DATA FOR THIS TASK:
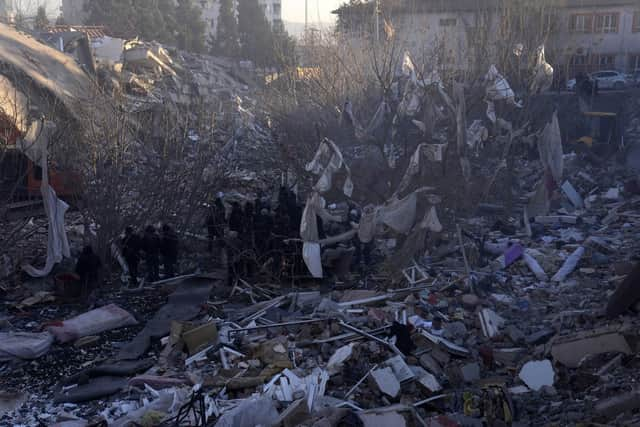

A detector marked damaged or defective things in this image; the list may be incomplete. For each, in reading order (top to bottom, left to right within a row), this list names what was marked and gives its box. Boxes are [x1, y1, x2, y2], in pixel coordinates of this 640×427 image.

torn fabric [20, 122, 72, 280]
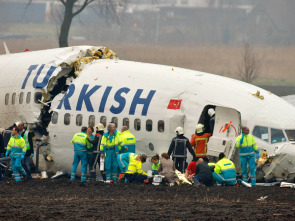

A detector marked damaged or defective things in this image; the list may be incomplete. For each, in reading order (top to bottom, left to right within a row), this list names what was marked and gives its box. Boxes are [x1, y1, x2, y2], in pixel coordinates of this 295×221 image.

torn fuselage section [30, 46, 118, 171]
crashed airplane [0, 45, 294, 182]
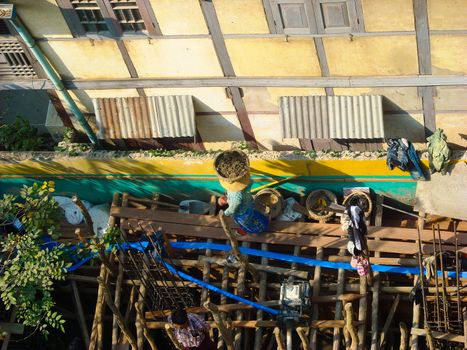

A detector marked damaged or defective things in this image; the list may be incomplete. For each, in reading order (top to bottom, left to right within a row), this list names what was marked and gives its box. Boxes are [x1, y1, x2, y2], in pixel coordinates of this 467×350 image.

rusty metal roof sheet [93, 96, 196, 140]
rusty metal roof sheet [282, 95, 384, 141]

GOAL OF THE EXERCISE:
Copy out exactly the line that holds "this 467×350 image." and all remaining lines of the listing, both the first and the last included.

FINISHED EXERCISE:
A detector marked damaged or defective things in this image; the list may be incomplete. For each, in reading order (top to bottom, left to right within a row), this list names what was marked and gives its box. Boxes are [x1, y1, x2, y2], in pixel coordinates of this 467×350 image.

rusty metal roof sheet [93, 96, 196, 140]
rusty metal roof sheet [282, 95, 384, 141]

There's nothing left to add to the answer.